## [Activity]
Pictures aside, reproduce exactly and only the lines below, starting at the one containing "Sunset over the" and ending at the last line.

[Dataset records Boundary: Start]

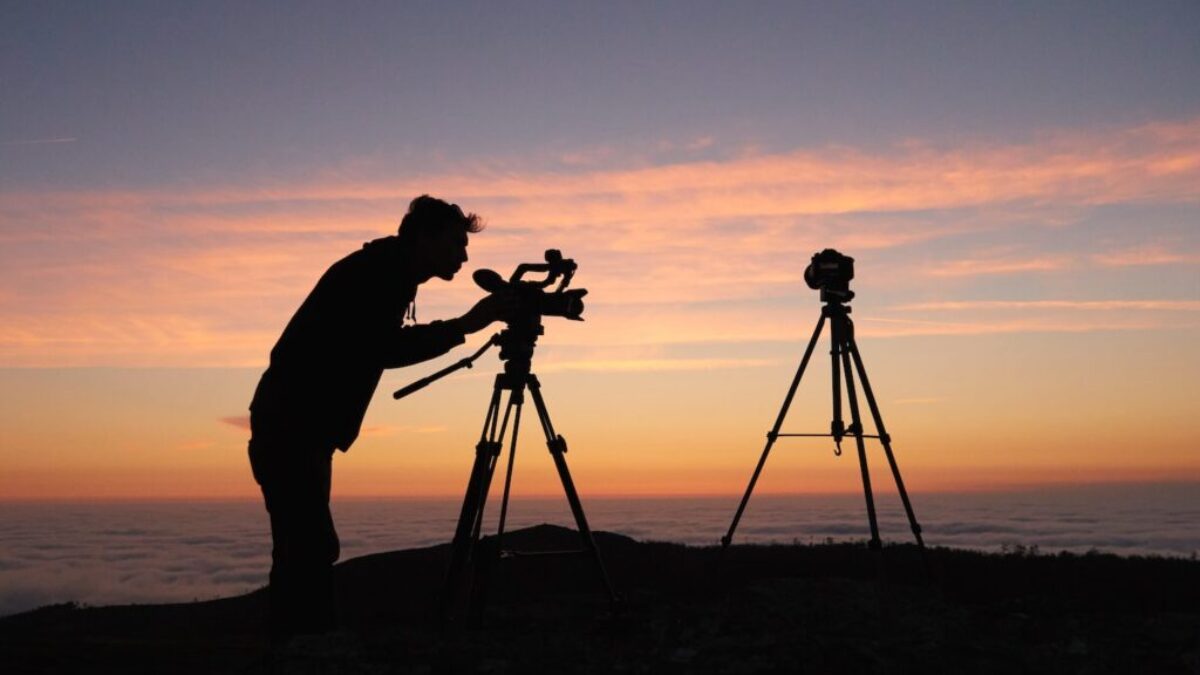 silhouette photo of person holding camera on tripod stand outside
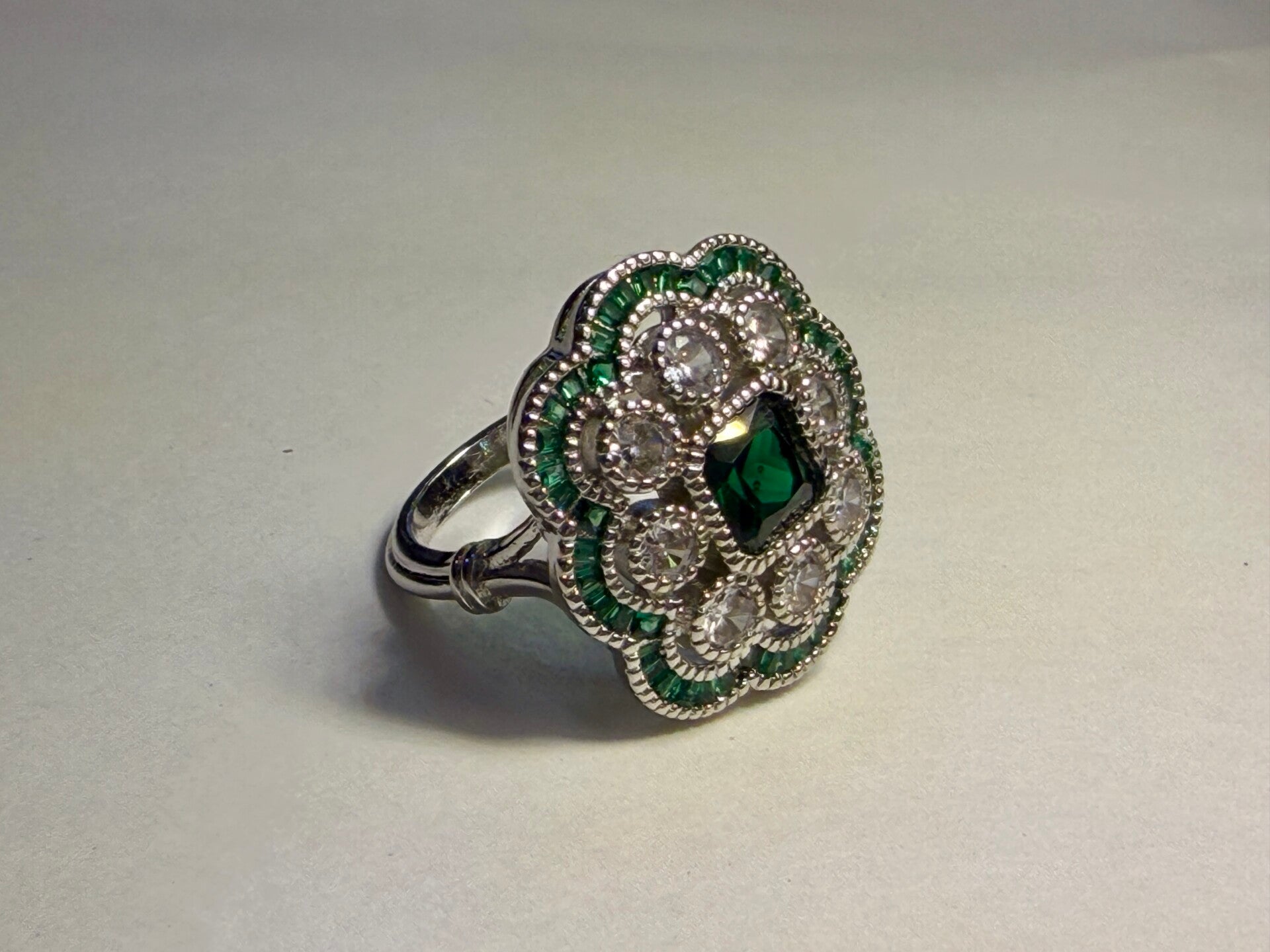 Bague argentée – Émeraude et détails floraux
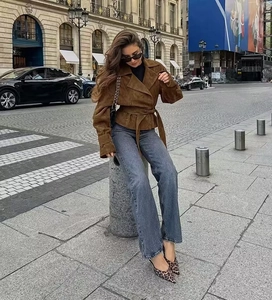 Short faux suede jacket with notched collar and waist tie on an urban street background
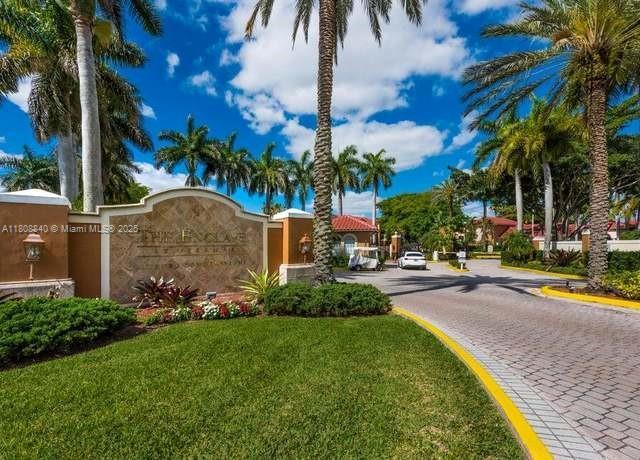2173 Renaissance Blvd Unit 204, Miramar, FL 33025 - community / neighborhood sign featuring a lawn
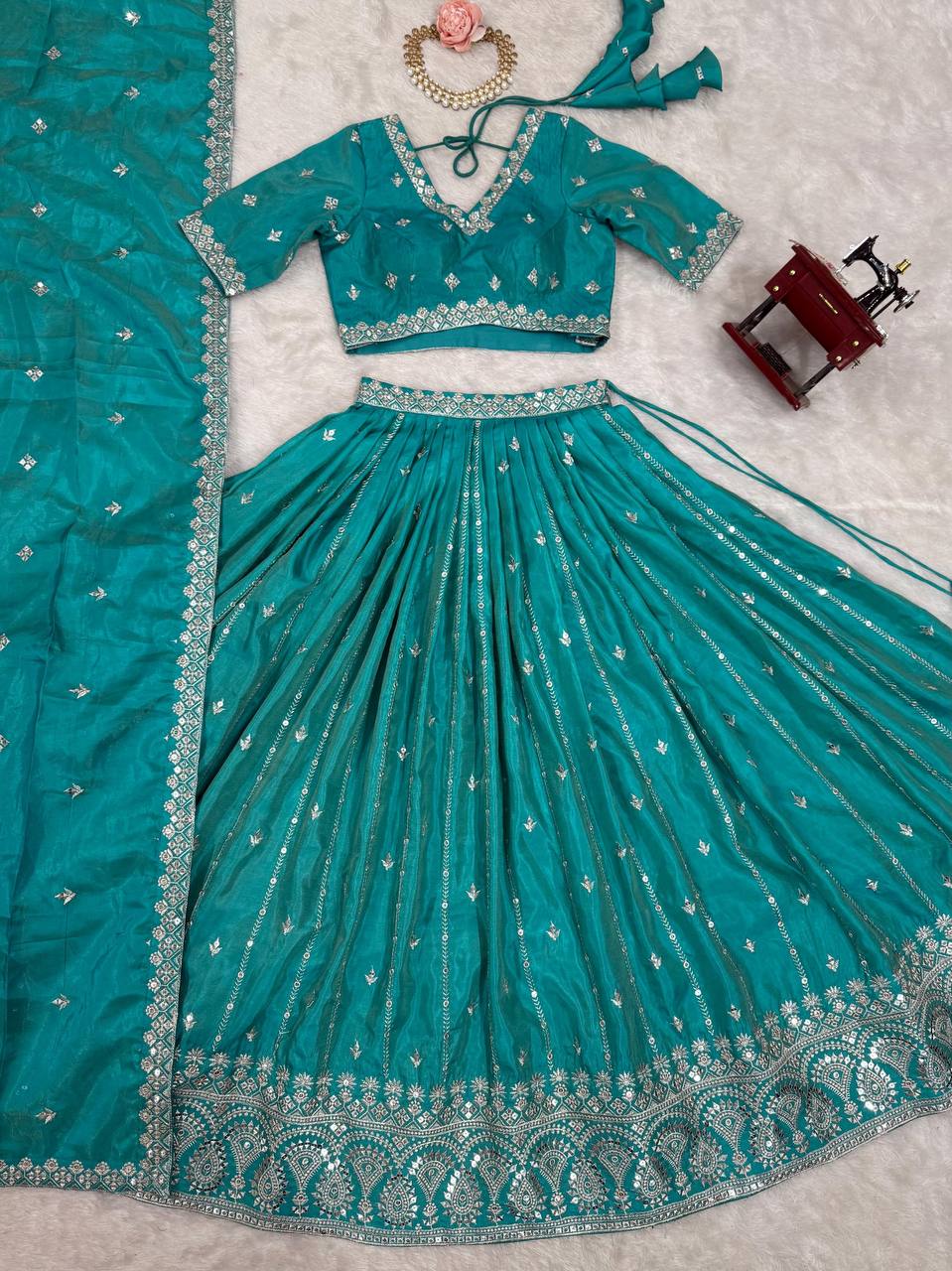 Traditional Wear Sequence Work Rama Color Lehenga Choli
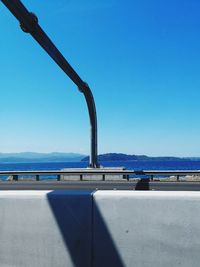 Road by sea against clear blue sky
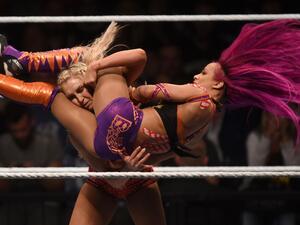 WWE wrestling stars Sasha Bank (R) and Charlotte Flair (L) fight during a WWE women's fight.. (AFP/ File Photo)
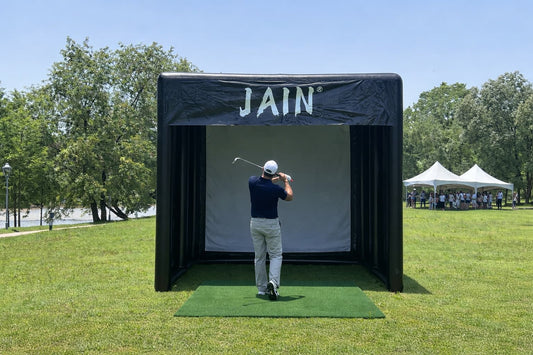 A professional JAIN inflatable golf simulator tent set up at an outdoor charity tournament with a golfer swinging and event tents in the background.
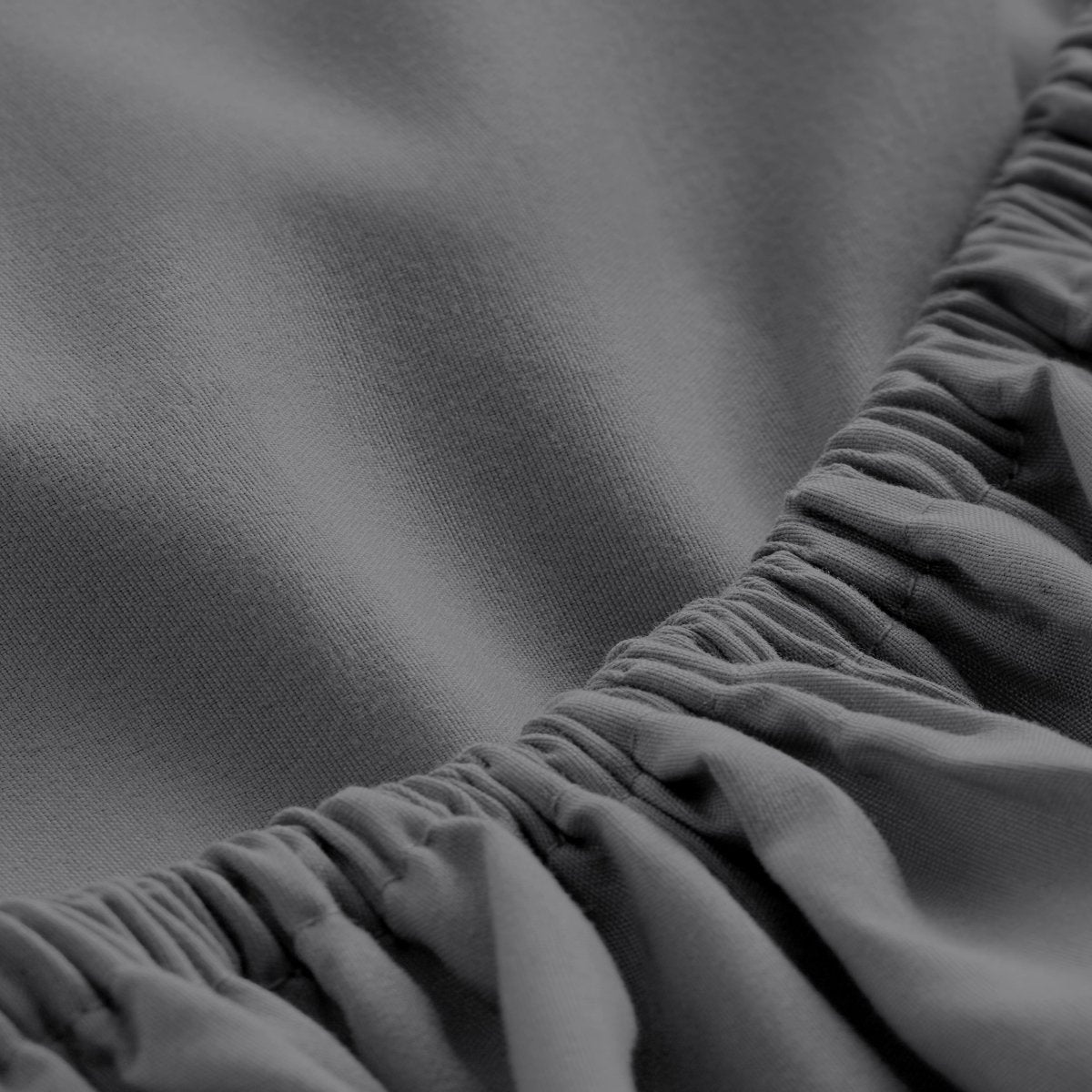 Close-up of fitted sheet showing the all around elastic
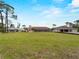 Large green backyard showing the exterior, with a view of multiple houses in the distance at 1611 Thomas St, Englewood, FL 34223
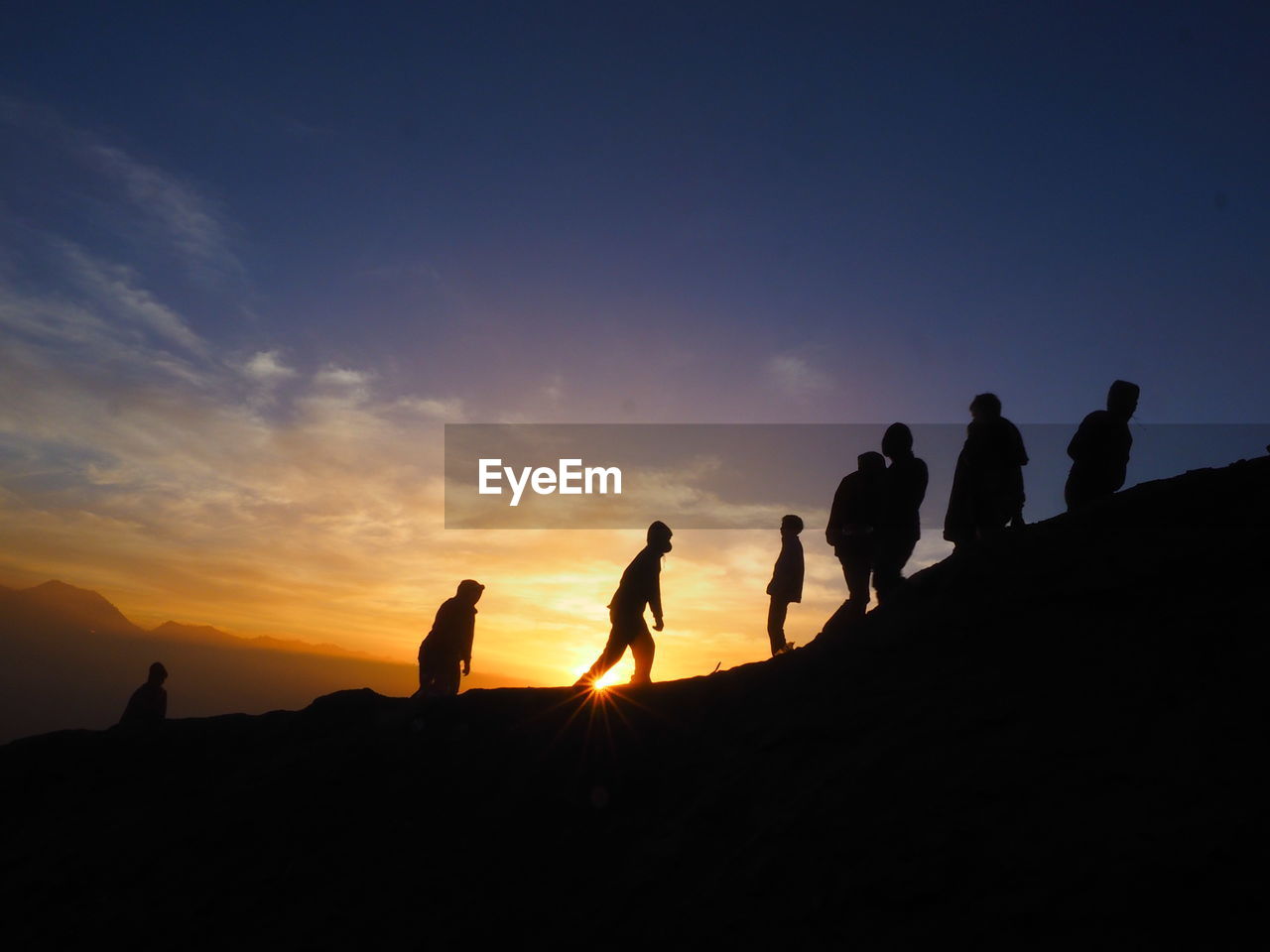 SILHOUETTE PEOPLE ON MOUNTAIN DURING SUNSET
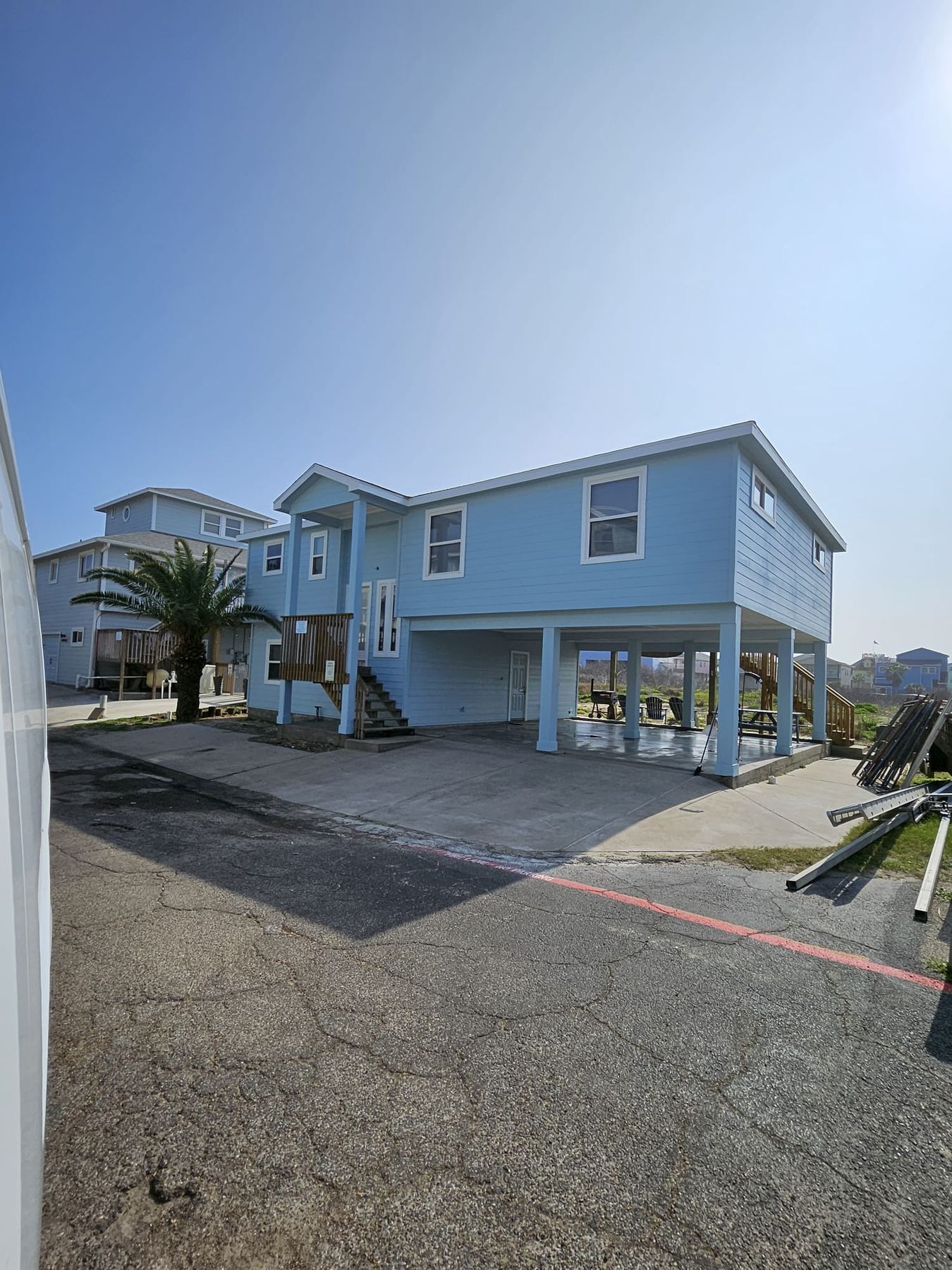 Cream three-story coastal home exterior by OP Construction & Development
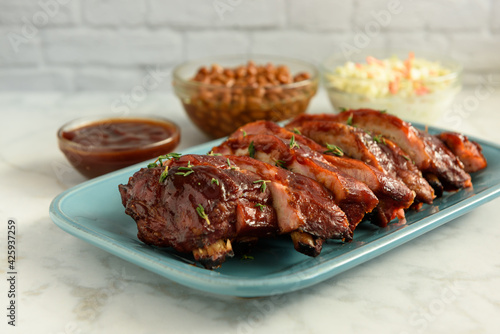 Close up of sliced smoked pork BBQ ribs on a blue plate with sides of BBQ sauce, baked beans and coleslaw on a white marble table and subway tile background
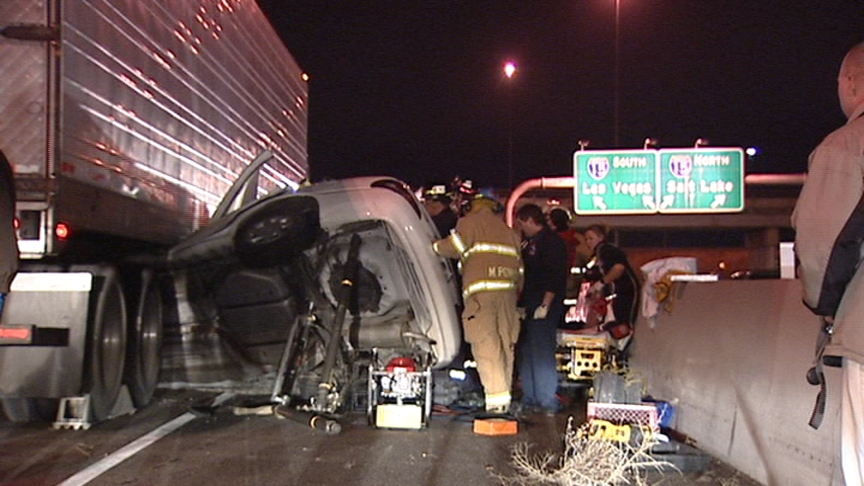 Car Dragged Under Semi, Driver Survives 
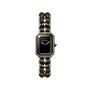 The Première Édition Originale Small Model by Chanel is a luxury wristwatch with a rectangular black-lacquered dial, yellow gold steel case, chain-link bracelet woven with black leather, gold hands, and "CHANEL" on the dial.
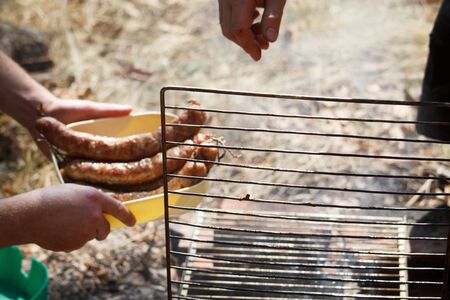 Grilled pork sausages cooked over campfire in a camp kitchen, selective focusの写真素材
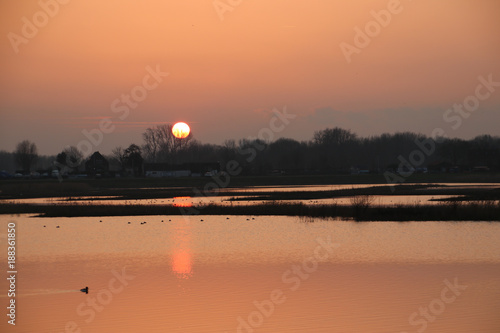 Sunset over the river rotte and waterstorage of the Eendragtspolder in Zevenhuizen, Netherlands photo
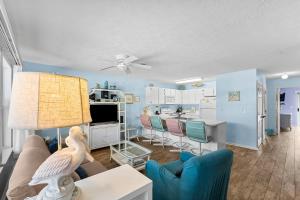 ein Wohnzimmer mit Sofa und Tisch in der Unterkunft Peachtree Place Ii C202 in Panama City Beach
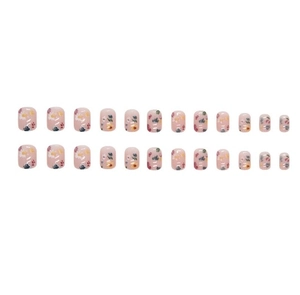 Detail of 24pcs short square press-on nails with colorful floral patterns and nude pink base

[Dataset records Boundary: End]

## [Result]
 Sunset over the river rotte and waterstorage of the Eendragtspolder in Zevenhuizen, Netherlands photo
 ein Wohnzimmer mit Sofa und Tisch in der Unterkunft Peachtree Place Ii C202 in Panama City Beach
 Detail of 24pcs short square press-on nails with colorful floral patterns and nude pink base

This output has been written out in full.